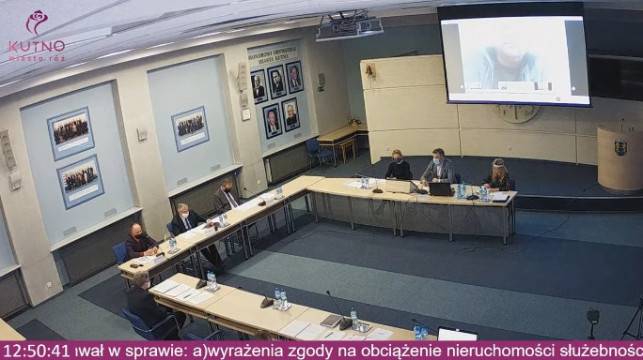 [WIDEO] Trwa sesja rady miasta. Oglądaj on-line - Zdjęcie główne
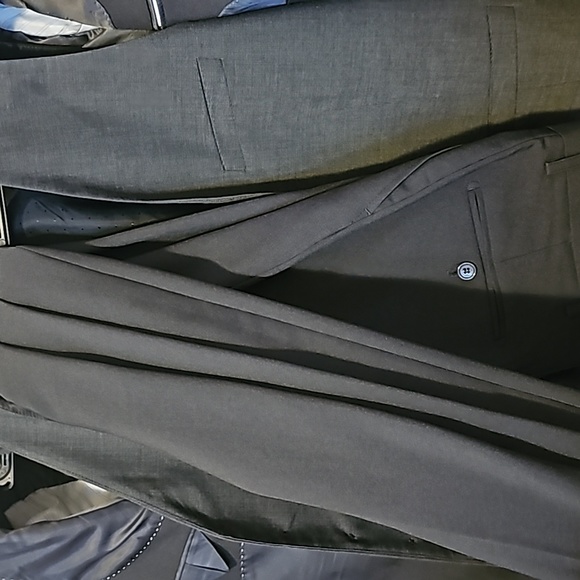 Alain Dupetit suit - Picture 3 of 4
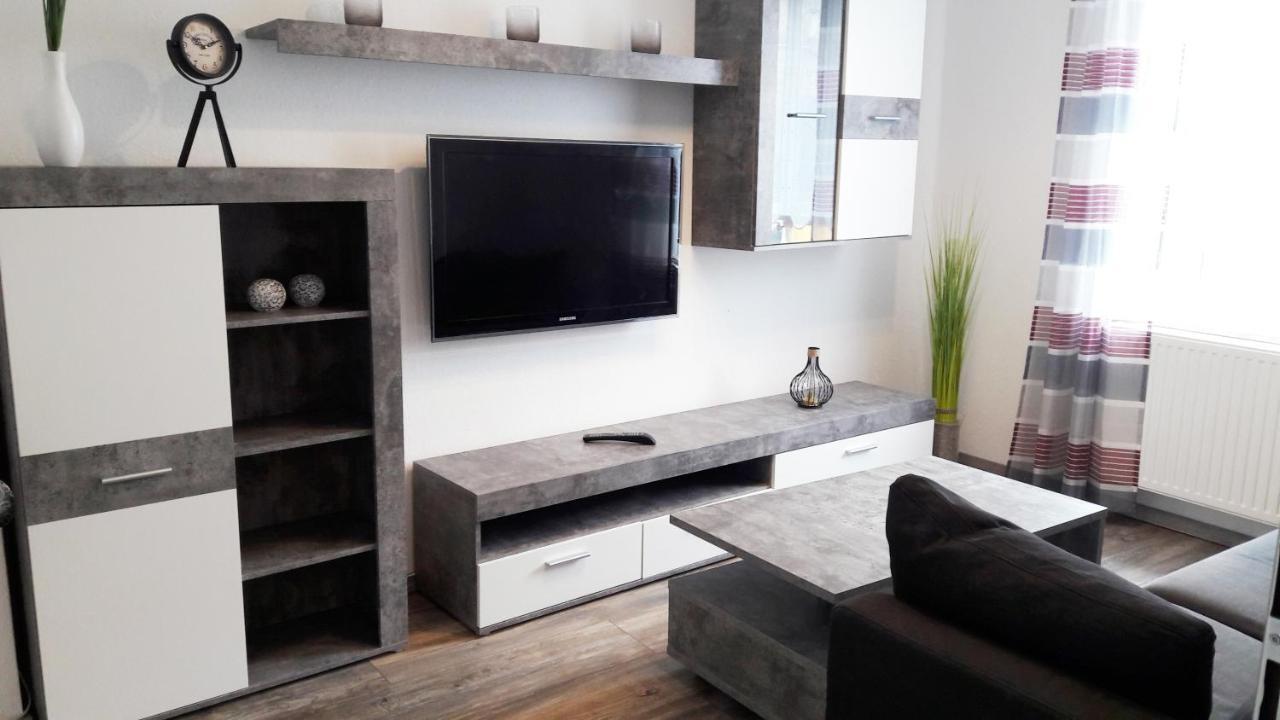 Moderne Ferienwohnung Am Wesertor Kassel Esterno foto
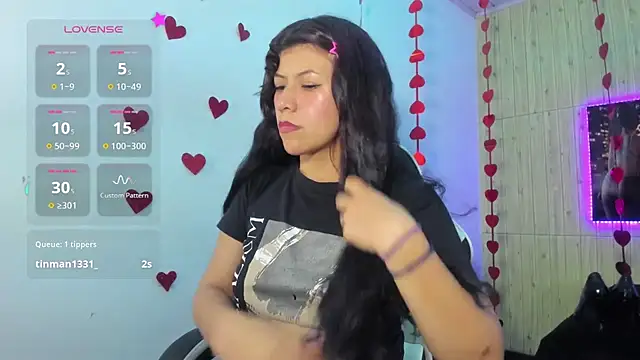 Raven_Rouge_ Live XXX-Chat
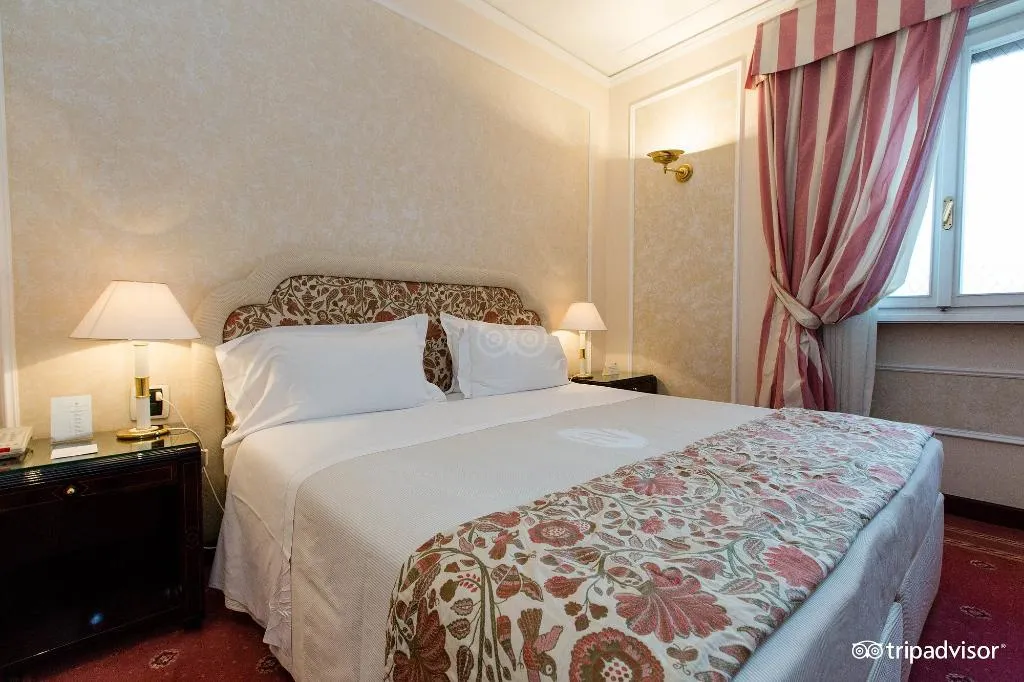 TRIPLE SUPERIOR Room, De la Ville, Florence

═══

Apart from the pictures, write every entry out again exactly.

EXERCISE SOLUTION:
 [WIDEO] Trwa sesja rady miasta. Oglądaj on-line - Zdjęcie główne
 Alain Dupetit suit - Picture 3 of 4
 Moderne Ferienwohnung Am Wesertor Kassel Esterno foto
 Raven_Rouge_ Live XXX-Chat
 TRIPLE SUPERIOR Room, De la Ville, Florence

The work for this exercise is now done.